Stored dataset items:
☆ ☆ ☆ ☆ ☆
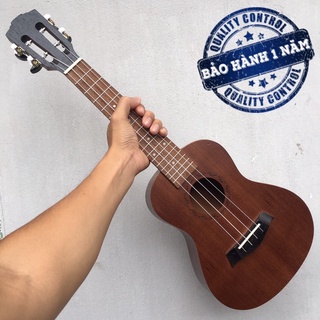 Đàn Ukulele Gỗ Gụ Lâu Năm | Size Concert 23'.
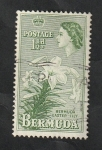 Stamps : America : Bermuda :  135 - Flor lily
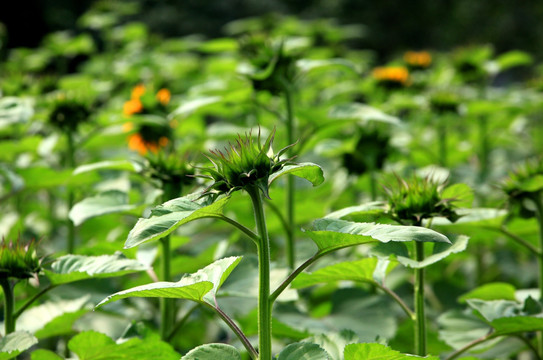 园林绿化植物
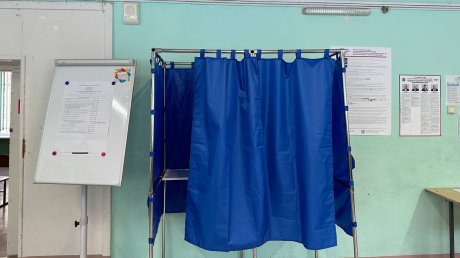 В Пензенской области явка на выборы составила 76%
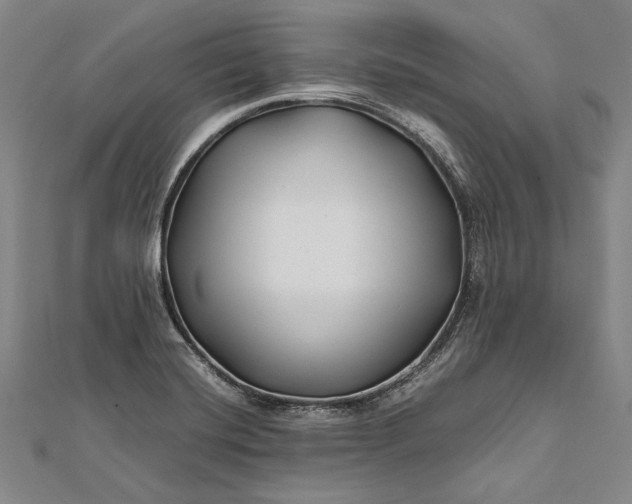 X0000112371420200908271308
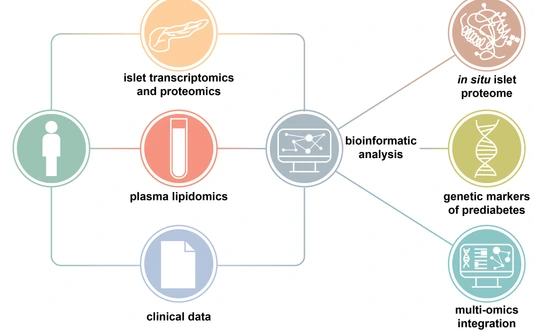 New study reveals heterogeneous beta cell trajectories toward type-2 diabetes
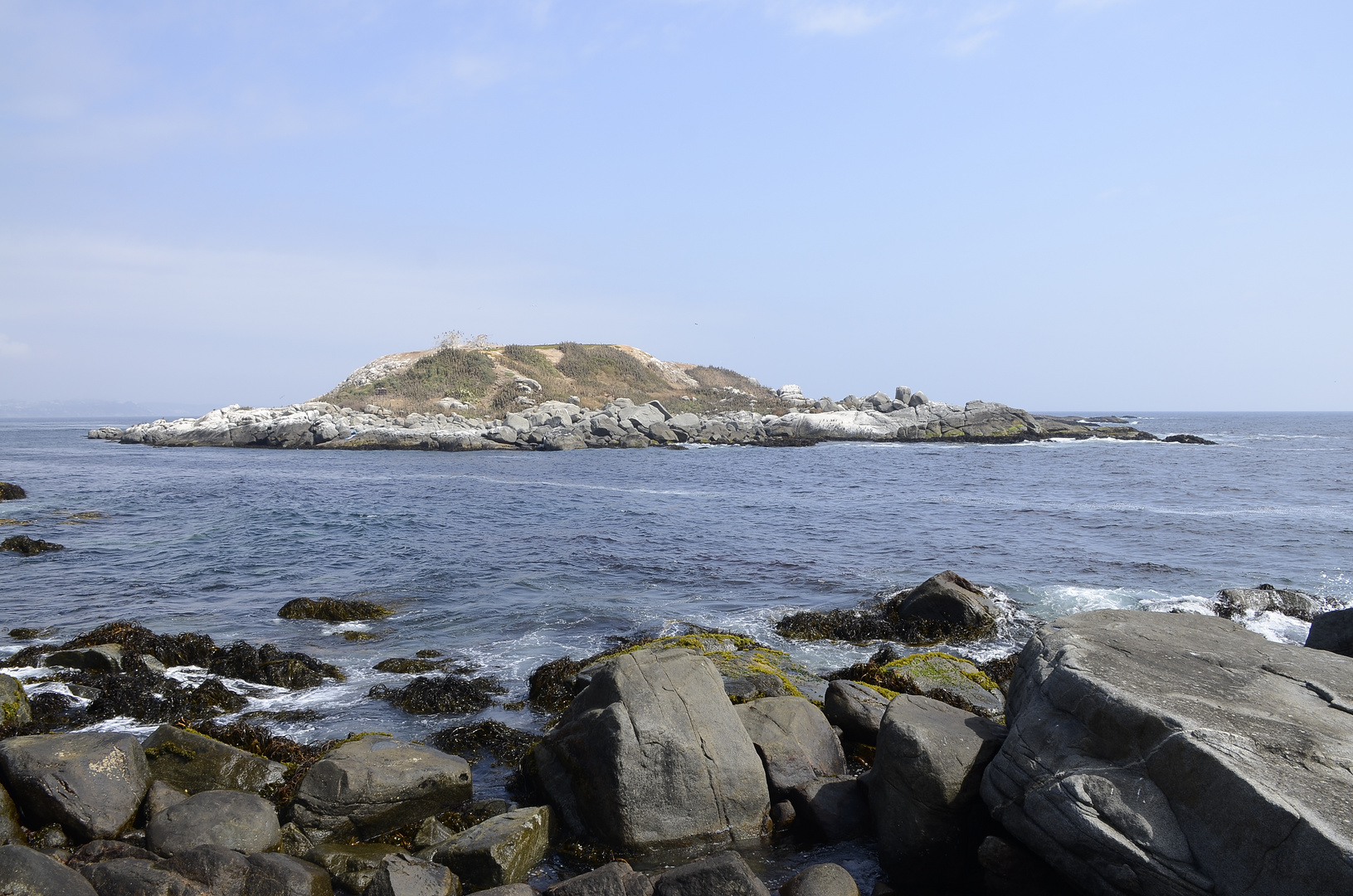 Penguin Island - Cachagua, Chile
☆ ☆ ☆ ☆ ☆
Action item - All entries must be output exactly as they stand, and every picture must be left out.

Answer to this exercise -
 Đàn Ukulele Gỗ Gụ Lâu Năm | Size Concert 23'.
 Stamps : America : Bermuda :  135 - Flor lily
 园林绿化植物
 В Пензенской области явка на выборы составила 76%
 X0000112371420200908271308
 New study reveals heterogeneous beta cell trajectories toward type-2 diabetes
 Penguin Island - Cachagua, Chile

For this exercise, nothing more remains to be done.